Tony Kushner

Tony Kushner born 16 July 1956

Tony Kushner is an award-winning American playwright most famous for his play Angels in America,which is one of the most powerful pieces of American theatre inspired by the AIDS epidemic, for which he was awarded the Pulitzer Prize.

He is also co-author of, along with Eric Roth, the screenplay of the 2005 film Munich, which was directed by Steven Spielberg and earned Kushner (along with Roth) an Academy Award nomination for Best Adapted Screenplay.

He was born to a Jewish family in Manhattan, but his parents, both classically trained musicians, moved to Lake Charles, Louisiana shortly after his birth. Kushner moved to New York in 1974 to begin his undergraduate college education at Columbia University, where he completed a BA in English literature in 1978. He studied directing at New York University's Graduate School, from which he was graduated in 1984.

Angels in America is a play in two parts. The first part is entitled Millennium Approaches, and the second is entitled Perestroika. His other plays include Hydrotaphia, Slavs!: Thinking About the Longstanding Problems of Virtue and Happiness, A Bright Room Called Day, Homebody/Kabul, and the book for the musical Caroline, or Change. His new translation of Bertolt Brecht's Mother Courage and Her Children was performed at the Delacorte Theater in the summer of 2006 starring Meryl Streep. He has also adapted S Ansky's play The Dybbuk.
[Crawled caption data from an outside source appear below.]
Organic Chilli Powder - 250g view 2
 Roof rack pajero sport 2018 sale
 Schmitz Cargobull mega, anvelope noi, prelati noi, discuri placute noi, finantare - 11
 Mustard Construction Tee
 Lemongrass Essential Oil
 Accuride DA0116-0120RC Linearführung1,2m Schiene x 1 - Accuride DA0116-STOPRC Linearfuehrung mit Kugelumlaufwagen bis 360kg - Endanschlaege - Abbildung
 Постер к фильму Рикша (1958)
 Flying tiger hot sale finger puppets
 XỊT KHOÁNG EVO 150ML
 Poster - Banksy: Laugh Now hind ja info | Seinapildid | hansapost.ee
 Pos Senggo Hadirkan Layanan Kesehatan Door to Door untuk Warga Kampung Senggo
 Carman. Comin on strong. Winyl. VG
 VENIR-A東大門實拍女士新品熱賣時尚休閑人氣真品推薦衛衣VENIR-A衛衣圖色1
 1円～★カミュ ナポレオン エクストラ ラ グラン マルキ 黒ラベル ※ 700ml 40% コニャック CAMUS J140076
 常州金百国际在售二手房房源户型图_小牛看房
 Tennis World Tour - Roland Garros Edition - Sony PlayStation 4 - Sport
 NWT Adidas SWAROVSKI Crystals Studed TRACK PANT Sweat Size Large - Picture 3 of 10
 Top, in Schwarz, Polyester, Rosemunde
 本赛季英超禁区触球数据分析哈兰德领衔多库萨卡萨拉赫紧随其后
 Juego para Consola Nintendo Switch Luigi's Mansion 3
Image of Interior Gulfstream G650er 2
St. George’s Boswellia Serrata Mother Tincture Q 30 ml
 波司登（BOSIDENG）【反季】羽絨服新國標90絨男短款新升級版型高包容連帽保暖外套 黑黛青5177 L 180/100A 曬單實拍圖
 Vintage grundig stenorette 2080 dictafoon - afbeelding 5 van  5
In April 2003 he and his long-time partner, Entertainment Weekly editor Mark Harris, had a wedding ceremony in New York. Theirs was the first same-sex marriage ever covered by The New York Times's 'Vows' column.

Due to the phenomenal theatrical and critical success of Angels In America, Kushner has become a celebrity spokeman for gay politics and AIDS activism.